Every so often, my boss gets upset with me for not fully explaining a situation to him. When it happens, I sit back and reflect upon what I said:

Did I tell him everything he needed to know?
Did I leave out the technicalities involved?
Perhaps I used a term that he is not familiar with?

More often than not, I come to the conclusion that I did relay all pertinent information to him in a way that he should understand. Yet, he did not see it that way. So then what really happened?

Even though I did my best to translate from geek speak to layman terms, something got lost in the translation.

Am I the only one who has trouble explaining very technical problems and/or solutions to a person who is not the least bit computer literate?

Replies are listed 'Best First'.
Re: Lost in the Translation
by BrowserUk (Patriarch) on Apr 30, 2003 at 17:40 UTC

    This reminds me of a support call a few years ago from the user of a application that had a character-cell based menu interface. The question was "How do I do such and such task". I asked her to identify where in the menu system she was by reading the menu id number from the top right. She did. I then asked her to back out of the current menu by hitting escape, which universally took you back to the previous level. Her responce was, "Do you mean a soft escape or a hard escape"?

    After a little quizzing, it turned out that a "soft escape" was hitting the escape key once. A "hard escape" was pressing and holding the escape key so that the keyboard auto-repeat resulted in a return to the main menu. It turns out that this terminology had been evolved by the users of this particular application themselves. It subsequently became so useful that it became a part of the documentation for the application. As far as I know, it could still be so.

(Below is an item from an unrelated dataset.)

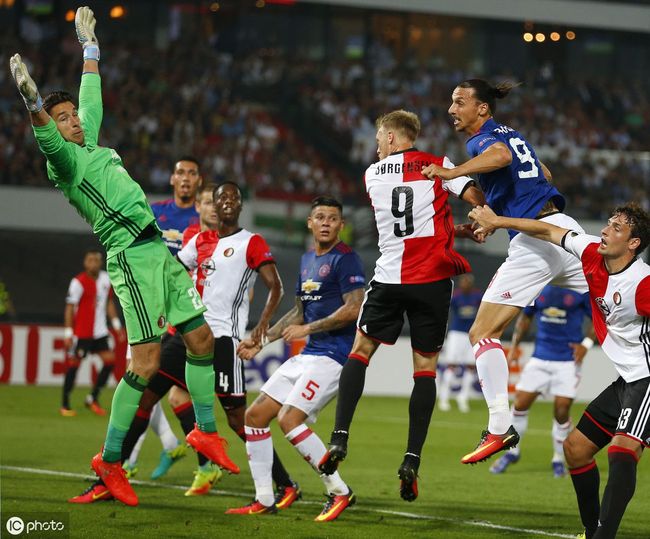 更是展现了 更是展现了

    One of my bosses asked me too explain the current state of the application, and I responded by telling him that we had a few problems with it, but that I thought that they would be fairly quickly resolved. His next question was; "Are these evening overtime problems or weekend working problems"?

    I firmly believe that most coders make lousy managers and vice versa and that the most important, underrated and toughest position is the project leader. His/her job is -- or maybe 'should be' -- to act as the interface between the two disciplines. In essence a sort of universal translator and two-way filter. Not just literally translating geek-speak to PHB speak and vice versa, but also filtering the input from each direction to allow only the parts relevant to each to get through. Of course, with any form of translation comes the possibility for mis-translation and chinese whispers. The art is in knowing what to translate and what to filter.

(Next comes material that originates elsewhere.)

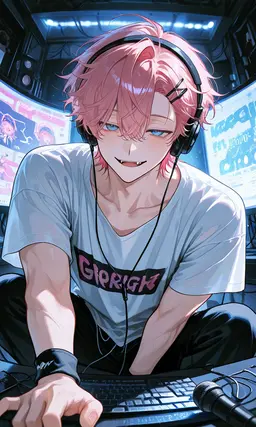 Profile image of 柊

    I've never decided whether the Business Studies person that learns to code is better or worse than the coder who takes a BS course? It is my experience that the (too few) women I've encountered doing the project leader roll seems to do it with more aplomb and less fractiousness than they guys.

    It's all in the terminology.


    Examine what is said, not who speaks.
    1) When a distinguished but elderly scientist states that something is possible, he is almost certainly right. When he states that something is impossible, he is very probably wrong.
    2) The only way of discovering the limits of the possible is to venture a little way past them into the impossible
    3) Any sufficiently advanced technology is indistinguishable from magic.
    Arthur C. Clarke.
Re: Lost in the Translation
by Anonymous Monk on Apr 30, 2003 at 15:58 UTC
    My theory. You failed to explain the situation in terms of what he cares about, and he didn't work out that connection for himself.

    Remember. If you tell him that it will take you a lot of work, and won't ever work right, he will say, "Just another worker-bee moaning - when will they learn that they are being paid because it isn't supposed to be fun?" (But will be too polite to come out and say that to your face.) You are likely to get farther if you can honestly say, "This change will push out the deadline by at least 2 weeks, and the UI complexity will cause users to get frustrated at us." This he cares about. He may not believe your assessment, but he cares about the consequences described.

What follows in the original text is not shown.